The lane line detection model may be trained iteratively using road image samples from the dataset or in batches. When the loss function of the model's prediction falls below a predetermined threshold or meets a predetermined convergence condition, the training process for the lane line detection model may be completed, and the trained model may be used to detect or predict lane lines in actual road images.

FIG. 6 illustrates a flowchart of a method 600 for detecting lane lines according to an embodiment of the present disclosure. Method 600 may be executed by an intelligent driving control system of a vehicle. At step 610, method 600 can receive road images captured in real time during vehicle driving from onboard sensors (e.g., cameras). The road images may be individual frames from a video captured by the camera. The road images may have different resolutions or formats, and various image processing techniques can be used to convert the received road images into input images of the resolution or format required by the lane line detection model.

At step 620, method 600 may detect lane lines in the received road images using the lane line detection model. Detecting lane lines in road images includes both identifying lane line traffic markings such as solid or dashed lines on the road, and predicting lane lines on roads without lane line markings. The lane line detection model used for detection is trained using a loss function based on the lane line detection difficulty of road image samples in the training dataset. For example, the lane line detection model may be trained by combining the method 300 described in FIG. 3. Since a loss function not used in existing lane line detection model training methods is adopted for training, the lane line detection model used in method 600 has model parameters different from those of existing lane line detection models. Because the lane line detection model used in method 600 may output predictions with different uncertainties for road images with different lane line detection difficulties (e.g., providing higher uncertainty for more difficult road images), method 600 may provide more reliable lane line detection results and reduce the occurrence of overconfident erroneous detections.

FIG. 7 illustrates a block diagram of an apparatus 700 for training a lane line detection model or detecting lane lines according to an embodiment of the present disclosure. As shown in FIG. 7, apparatus 700 may include a memory 710 and at least one processor 720 coupled to the memory 710.

In one embodiment, apparatus 700 may be a device for training a lane line detection model, such as a cloud server with strong computing power, an edge computing platform, or even an onboard computer. Processor 720 may be configured to execute the lane line detection model training method described above in connection with FIG. 3. For example, the processor 720 may be configured to obtain a dataset comprising a plurality of road image samples, wherein the road image samples have lane line labels; extract lane line feature vectors of the road image samples by way of an image segmentation model and the lane line labels of the road image samples; determine the lane line detection difficulty of the road image samples based on the lane line feature vectors of the road image samples; and train the lane line detection model using the road image samples in the dataset and a loss function based on the lane line detection difficulty of the road image samples. Memory 710 may be configured to store the training dataset and parameters of the trained lane line detection model, among other things.

In another embodiment, apparatus 700 may be a device for detecting lane lines, such as an intelligent driving vehicle or an intelligent driving control system within such a vehicle.

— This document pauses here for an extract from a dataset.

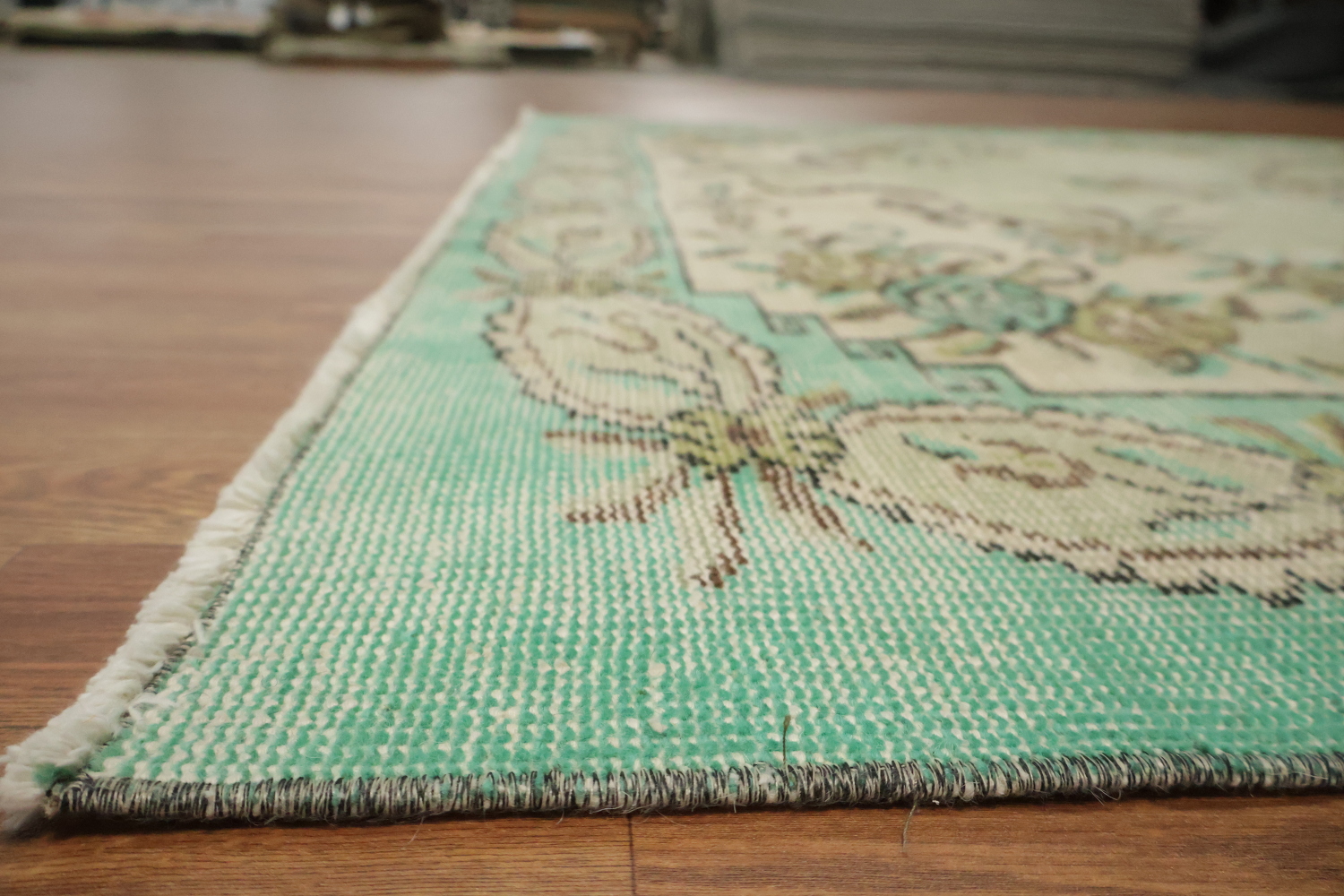 Exquisite Delight: Vintage Green Rug with Ornate Patterns 6x9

Processor 720 may be configured to execute the lane line detection method described above in connection with FIG. 6. For example, the processor 720 may be configured to receive a road image; and detect lane lines in the received road image by way of a lane line detection model. The lane line detection model is trained using a loss function based on the lane line detection difficulty of road image samples in the training dataset. The lane line detection model may be stored in the local memory 710, or it may be stored on an edge computing platform or a cloud server capable of communicating with the apparatus 700.

The processor 720 shown in FIG. 7 may be a general-purpose processor, or may be implemented as a combination of computing devices, such as one or more of a digital signal processor (DSP), central processing unit (CPU), graphics processing unit (GPU), and neural processing unit (NPU), among others. The memory 710 may include non-volatile memory for storing computer program code implementing the methods disclosed herein, as well as parameters of the lane line detection model. The memory 710 may further include volatile cache memory for temporarily storing data received during processor execution (for example, road images) and data obtained after processing (for example, detection results), among others.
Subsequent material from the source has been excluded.